Stored data =
━━━━━━

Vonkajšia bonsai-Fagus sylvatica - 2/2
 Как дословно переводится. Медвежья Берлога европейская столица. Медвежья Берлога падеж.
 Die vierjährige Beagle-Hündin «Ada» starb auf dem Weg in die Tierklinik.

━━━━━━

What you need to do = The answer must be the line containing "Как дословно переводится." and every line after it to the end of the data, each set down exactly.

Exercise solution =
 Как дословно переводится. Медвежья Берлога европейская столица. Медвежья Берлога падеж.
 Die vierjährige Beagle-Hündin «Ada» starb auf dem Weg in die Tierklinik.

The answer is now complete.